Common Pitfalls and Debugging

Problem 1: “Your interpretation does not match runtime behavior”

Why: Static analysis can hide runtime-resolved addresses, lazy binding, and input-dependent branches.
Fix: Reproduce the path with debugger or tracer, then compare static assumptions against live register/memory state.
Quick test: Run the same sample through both your static workflow and a debugger transcript, and confirm control-flow decisions align.

Problem 2: “Tool output is inconsistent across machines”

Why: ASLR, tool version drift, and different binary build flags (PIE, RELRO, symbols stripped) change observed addresses and metadata.
Fix: Pin tool versions, capture checksec/metadata, and document environment assumptions in your report.
Quick test: Re-run analysis in a container or VM with pinned tools and compare hashes of generated outputs.
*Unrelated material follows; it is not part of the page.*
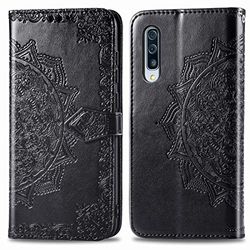 Carcasa de telefono Patrón for Galaxy A30S A medio camino de la mandala de grabación en relieve del cuero del tirón con el sostenedor y ranuras for tarjetas y monedero y la cuerda de seguridad (Negro)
Problem 3: “Analysis accidentally executes unsafe code”

Why: Dynamic workflows run binaries in host context without sufficient isolation.
Fix: Use disposable snapshots, no-network execution, and non-privileged users for all unknown samples.
Quick test: Validate isolation controls first (network disabled, snapshot active, unprivileged user), then execute sample.

Definition of Done

Core functionality works on reference inputs
Edge cases are tested and documented
Results are reproducible (same binary, same tools, same report output)
Analysis notes clearly separate observations, assumptions, and conclusions
Lab safety controls were applied for any dynamic execution

4. Solution Architecture

Input Artifact -> Parse/Decode -> Analysis Engine -> Validation Layer -> Report

Design each stage so intermediate artifacts are inspectable (JSON/text/notes), which makes debugging and peer review much easier.

5. Implementation Phases

Phase 1: Foundation

Define input assumptions and format checks.
Produce a minimal golden output on one known sample.

Phase 2: Core Functionality

Implement full analysis pass for normal cases.
Add validation against an external ground-truth tool.

Phase 3: Hard Cases and Reporting

Add malformed/edge-case handling.
Finalize report template and reproducibility notes.

6. Testing Strategy

Unit-level checks for parser/decoder helpers.
Integration checks against known binaries/challenges.
Regression tests for previously failing cases.

7. Extensions & Challenges

Add automation for batch analysis and comparative reports.
Add confidence scoring for each major finding.
Add export formats suitable for CI/security pipelines.

8. Production Reflection

Map your project output to a production analogue: what reliability, observability, and security controls would be required to run this continuously in an engineering organization?